Give every line of the data again, unchanged, but with no pictures.

● Source material
::::
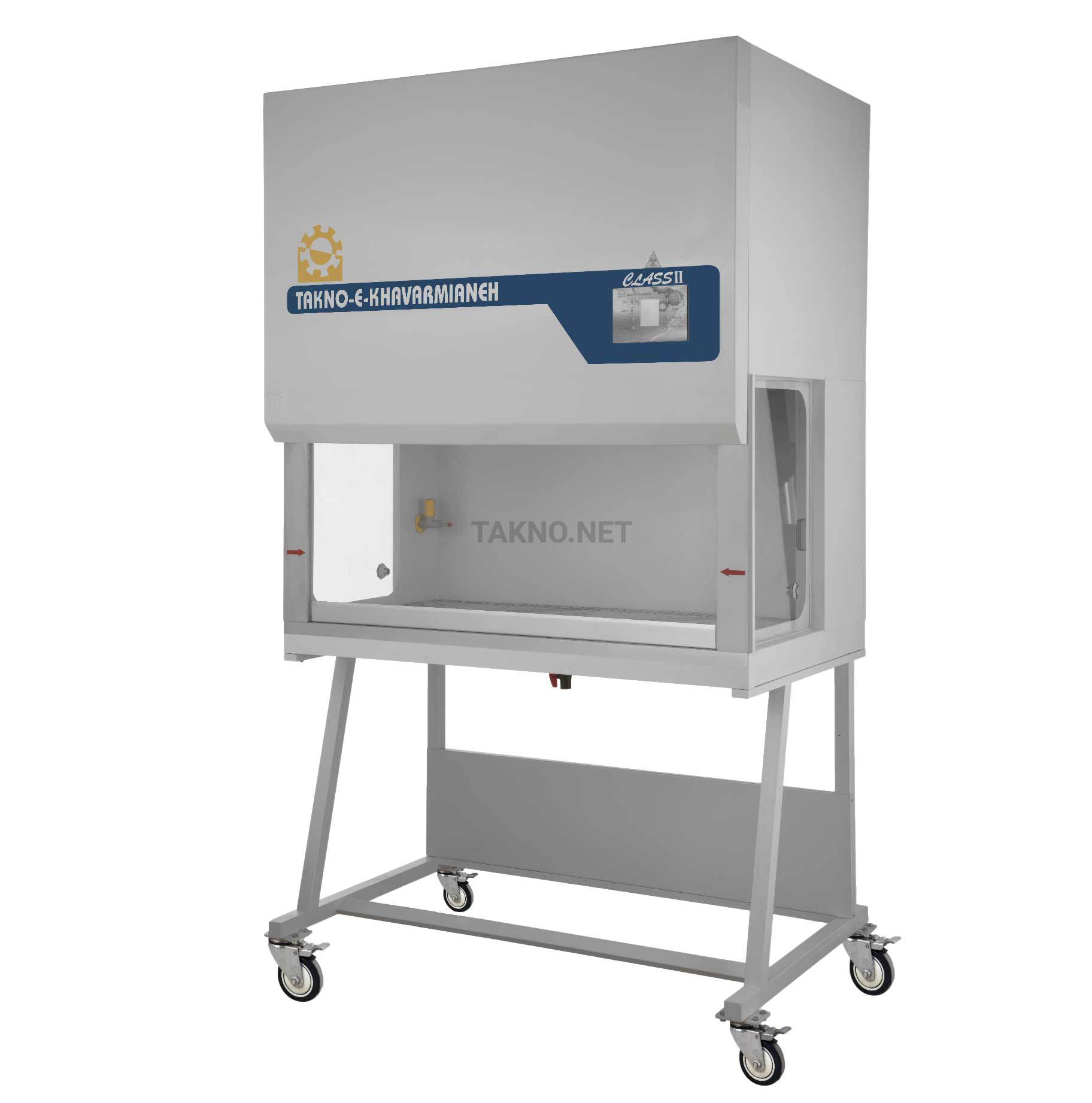 فرق هود لامینار و هود بیولوژیکی کلاس 2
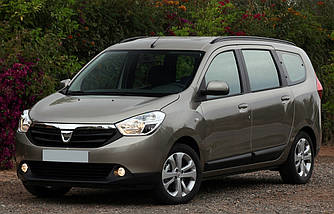 Амортизатор задній на Renault Lodgy від 2012г з двигуном 1.2 1.5 1.6 (Рено Лоджі), фото 3
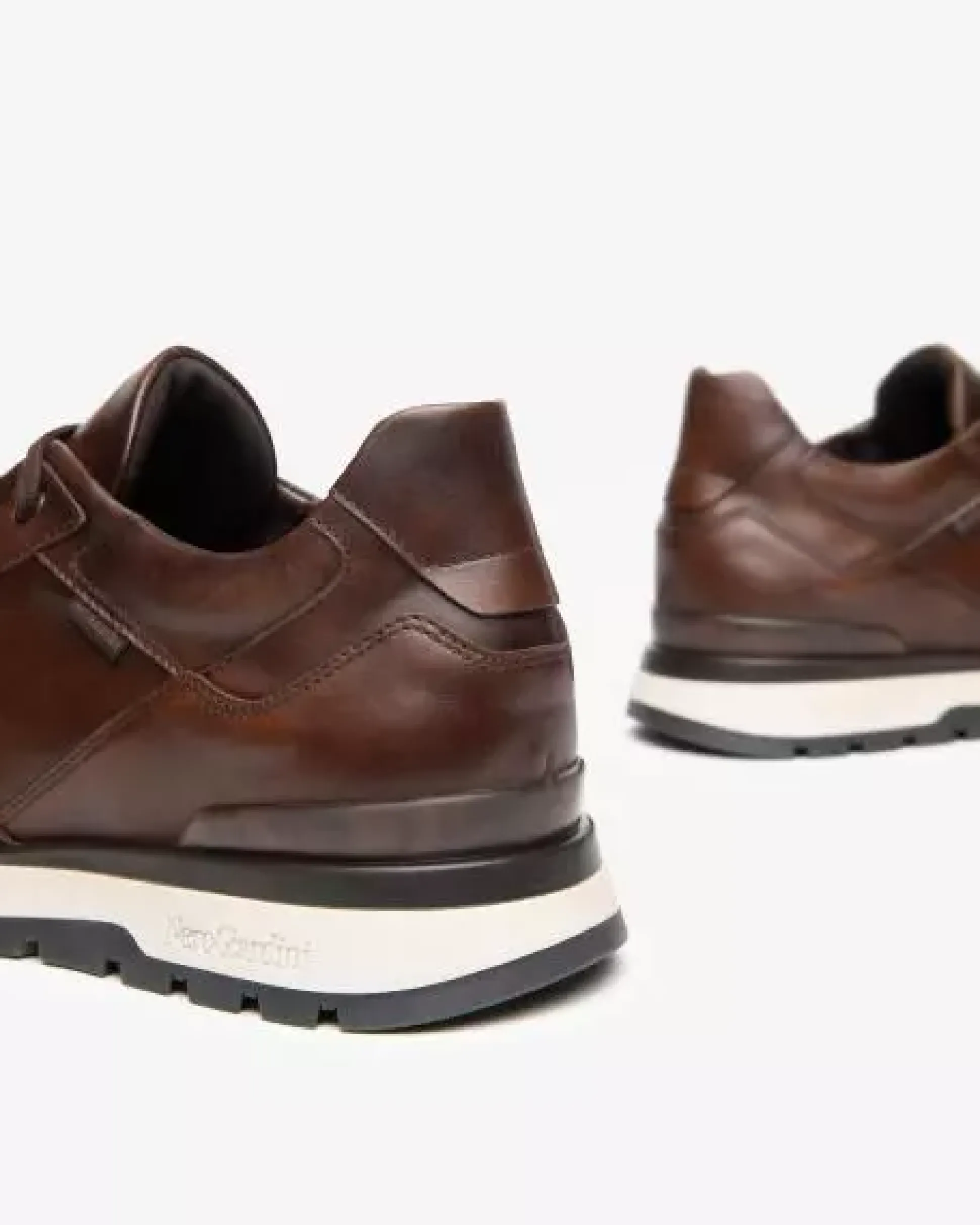 Sneakers Uomo in Pelle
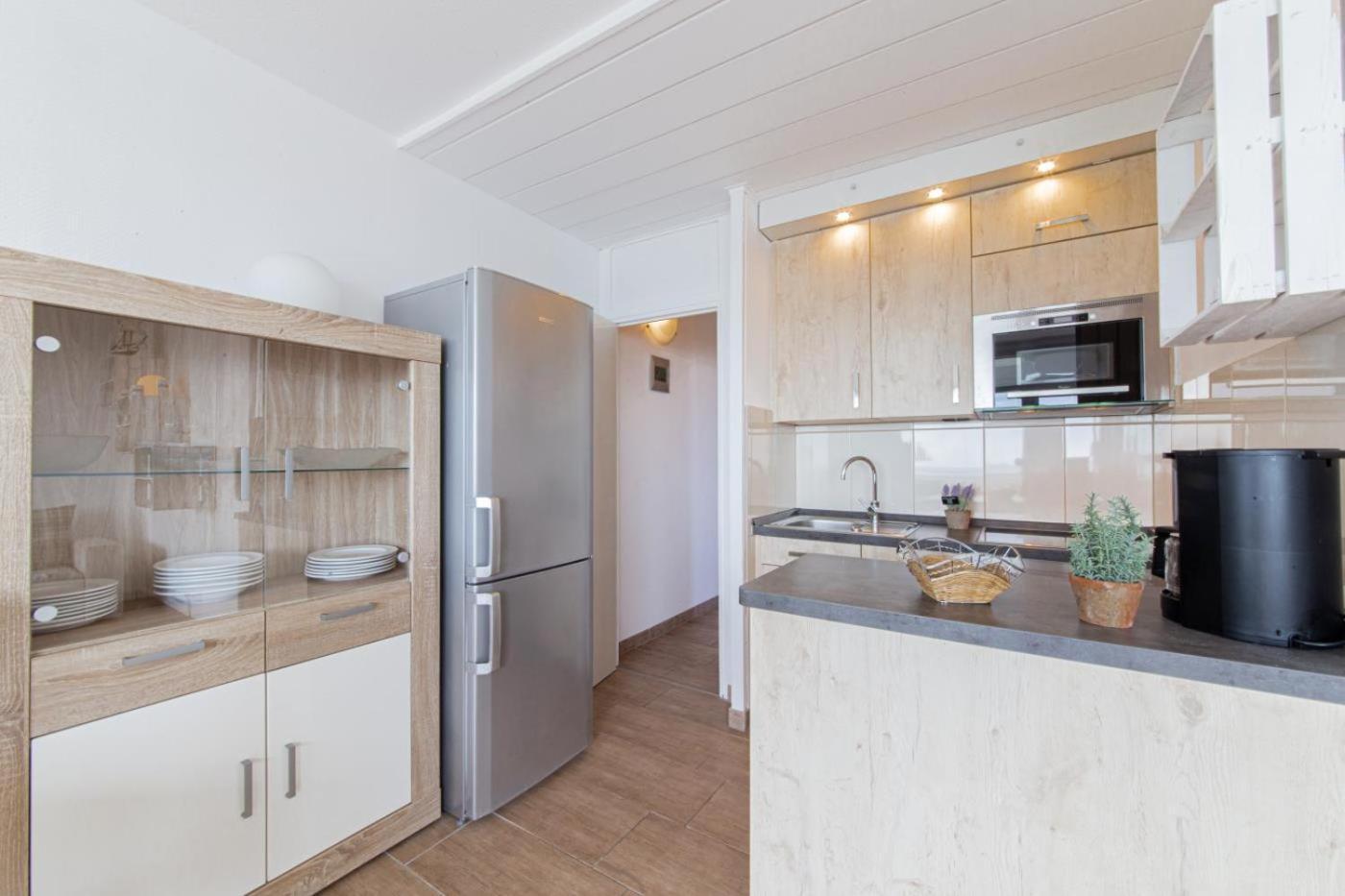 Ferienwohnung Traum Ostseeblick Зирксдорф Экстерьер фото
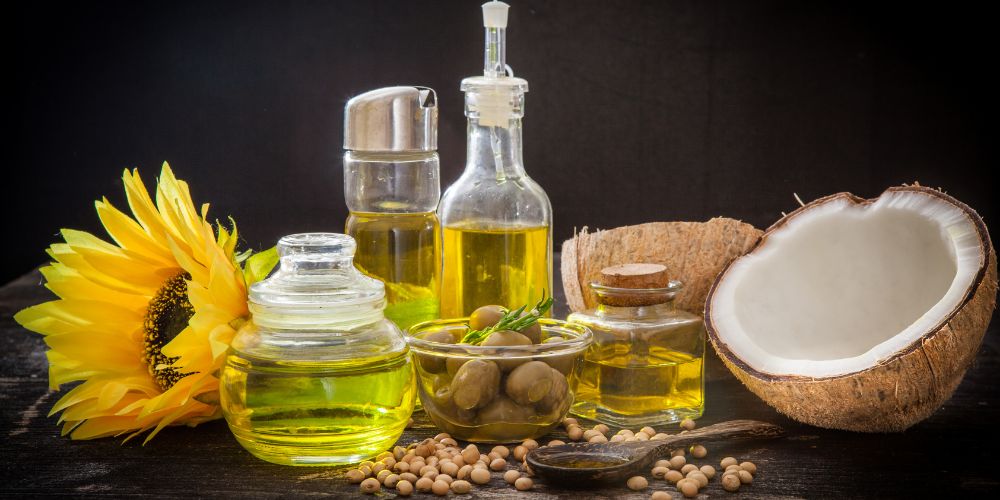 The Oil Base: One Reason Our Soap Is SOOO Good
::::
● Solution to the problem
 فرق هود لامینار و هود بیولوژیکی کلاس 2
 Амортизатор задній на Renault Lodgy від 2012г з двигуном 1.2 1.5 1.6 (Рено Лоджі), фото 3
 Sneakers Uomo in Pelle
 Ferienwohnung Traum Ostseeblick Зирксдорф Экстерьер фото
 The Oil Base: One Reason Our Soap Is SOOO Good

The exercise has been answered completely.